Hmmmm, what a difficult question to ponder.
Why does The Sun sell more than ten times as many copies as The Guardian?
After all, The Guardian is much more serious.
They put a lot more store in being sensible than they do in being fun.
A lot more effort into being didactic than being interesting.
Look in any advertising agency, everyone is reading The Guardian.
So how can that be, the survey makes no sense?
If everyone in ad agencies is reading The Guardian, surely all the consumers must be reading it, too.

Do you know what?
I think those two blokes sitting side-by-side on the tube could have answered that, without the expensive survey.

  • john woods

    Labour are pushing the fact that Ed Milliband is in touch with ‘the people’ because he has a similar background to them unlike the Conservative’s Eton set and yet curiously it didn’t seem to matter to them when Tony was in power.

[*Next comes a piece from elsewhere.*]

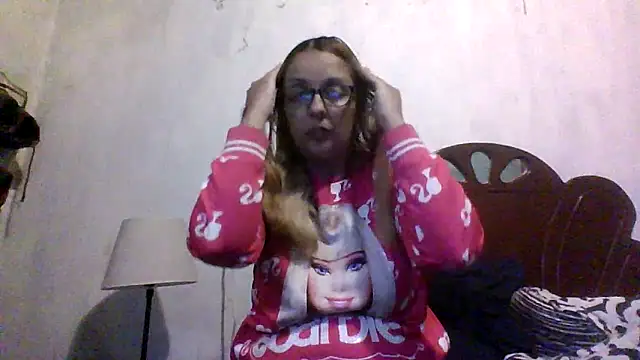 Snapshot of Samanthat33 chatting on November 15, 10:03 pm Samanthat33 online show from November 15, 10:03 pm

Is advertising similar? Is there enough meritocracy. Are there too many college graduates, too many ‘intellectuals’ and too many not in touch with ‘the people’? 

  • iain Maclean

    A clue may lie in the launch of Skeptic magazine in the US way back in the 80s.
    Each issue was devoted to one topic, such as Kennedy’s assassination.
    They ran a 10-way, split-run test using Time Magazine to find out why people would buy.
    Three or four executions were based on the same premise as the FT’s,, “No FT, no comment.” They used headlines such as, “Ever feel invisible?” with a pic of a hapless schmuck being ignored at a formal party.
    They tried old DM headlines such as “9 good reasons why…”
    You name it, they tried it.
    But one particular execution, which was based on a totally different platform outperformed all the others, more cerebral ads by almost 1,000%. Yeah, I know, please bear with me.
    It didn’t promise to win friends, influence your uncle, make you look sexy, or save you a fortune.
    It was a based on a basic human want that isn’t even on any list – even Dichter’s.
    What is that one basic human want?
    It’s something that people in advertising are waking up to again – particularly in social media and branded entertainment . 
    Howard Gosage put his finger on it when he said, “People read what interests them, sometimes it’s an ad.”
    That one basic human want, that made us what we are, is quite simple…
    That’s why most people buy newspapers.
    And perhaps the reason that the Sun sells 2,600,000 copies daily, is because it’s headlines are short, punchy and catch the eye. The same is now true  of the Mail.
    How many times have you craned over someone’s shoulder on the tube because a headline in the Times grabbed you?

    • Dave Trott

      It reminds me of when Graham Rose when became a director.
      I asked him what sort of director he was going to be.
      He said comedy.
      I asked why.
      He said “Well some people don’t like politics, some people don’t like art, some people don’t like intellectual debate, but nobody ever says “I don’t like a laugh.”